Ein Interceptor = zwei Porsche 911

Weil die Wünsche der neuen Firmenherren Befehl waren, entstand ein Auto, das ganz weit weg von der eigentlichen Kernkompetenz der Firma war. Nicht klein, kurz und wendig stand im Lastenheft, sondern Gewalt und Luxus. Als der Interceptor reif für die Straße war, wog der Wagen 1,8 Tonnen. Zum einen war er vollgestopft mit Luxus – auch wenn es die Servolenkung nur gegen Aufpreis gab und Allradantrieb und ABS dem FF vorbehalten waren. Zum anderen werkelte unter der Haube ein 6,3-Liter-V8 aus dem Hause Chrysler (kombiniert mit einer Dreigang-Automatik).

Die hohen Ansprüche der Chefs führten dazu, dass sich die Kundschaft an völlig neue Preisdimensionen gewöhnen musste. Der Wagen kostete doppelt so viel wie ein Porsche 911 oder ein Jaguar E-Type. Das zog die entsprechende Kundschaft an. Jimmy Hendrix hatte einen, weil Mitch Mitchell von der Begleitband gleich zwei kaufte. Frank Sinatra und Vicky Leandros fuhren einen, genauso wie Gregory Peck und John Bonham (der Drummer von Led Zeppelin).

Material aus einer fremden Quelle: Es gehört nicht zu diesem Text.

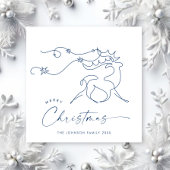 ミニマルエレガントリストストナカイ挨拶 シーズンカード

Doch ein Problem gab es mit der berühmten Kundschaft. Die ließ sich das Auto um die halbe Welt schicken. Jensen Motors hatte sich scheinbar wenig mit den Details, die der Autobau so mit sich bringt beschäftigt und hatte entsprechend Probleme, die Fahrzeuge zu komplettieren. So wurden einfach – je nach Exportland des Fahrzeugs – Teile verbaut, die halt da oder leicht zu bekommen waren.

Serienmäßig ohne Außenspiegel

Viele Kleinteile (Aschenbecher und Cupholder beispielsweise) stammten von britischen Marken wie MG und Jaguar, während die Innenspiegel und die Bedienung der Sitze von Mercedes kam. Außenspiegel wurden von den Händlern montiert, weil es ab Werk gar keine gab – meist nahm man die dann entweder von Jaguar (falls der Kunde in Europa wohnte) oder von Plymouth (falls der Wagen in den USA einen Abnehmer fand). Weil der Wagen ein solches Flickwerk ist, ist es deswegen leicht Ersatzteile zu bekommen, so man denn weiß, für welches Auto das entsprechende Teil ursprünglich verwendet wurde.

Mit Chaos lässt sich nur selten Geld verdienen und so musste Jensen Motors 1970 gerettet werden. Kjell Qvale, ein Autoimporteur, springt ein. Eine Kooperation mit Austin Healey soll die Firma retten, doch leider liefert Lotus für den Roadster Jensen-Healey einen Motor, der an jeder roten Ampel gewartet hätte werden müssen.

Pleite Nummer zwei

Auch dem Interceptor nahm sich Qvale an. Nach dem Interceptor Mk 1 (1024 Stück) und dem Mk 2 (1128 Stück) sollte der Mk 3 mehr auf den amerikanischen Markt zugeschnitten werden. Dort gab es allerdings mittlerweile strengere Abgasvorschriften, die eine geringere Verdichtung nötig machten. Um nicht zu viel Leistung zu verlieren, verbaute Jensen in Folge einen 7,2-Liter Motor. Dazu kam eine Cabriolet-Version. Die Maßnahmen hatten Erfolg: der Mk 3 sollte mit 4811 Stück das erfolgreichste Modell werden. Aber auch das nur bis 1976. Dann ging auch Qvale das Geld aus.

1983 gab sogar nochmal einen Interceptor Mk 4. Die Firma „Jensen Parts & Services“, die eigentlich auf Ersatzteile und Reparaturen spezialisiert war, konnte sich den Versuch eines eigenen Autos (5,9-Liter V8) nicht verkneifen. 1994 war auch dieser Spuk vorbei. Heute hat die Firma „V Eight“ die Namensrechte an Jensen.

Im Rahmen der ersten Pleite sicherte sich übrigens Richard Calver alle Dokumente der Buchhaltung. Er führt seitdem eine Art Archiv für Fans und Besitzer des Autos. Wer einen Interceptor besitzt, kann bei Calver nachfragen, ob der Wagen einen berühmten Vorbesitzer hatte. Und vielleicht lässt sich über ihn auch rausfinden, welcher Außenspiegel der richtige ist.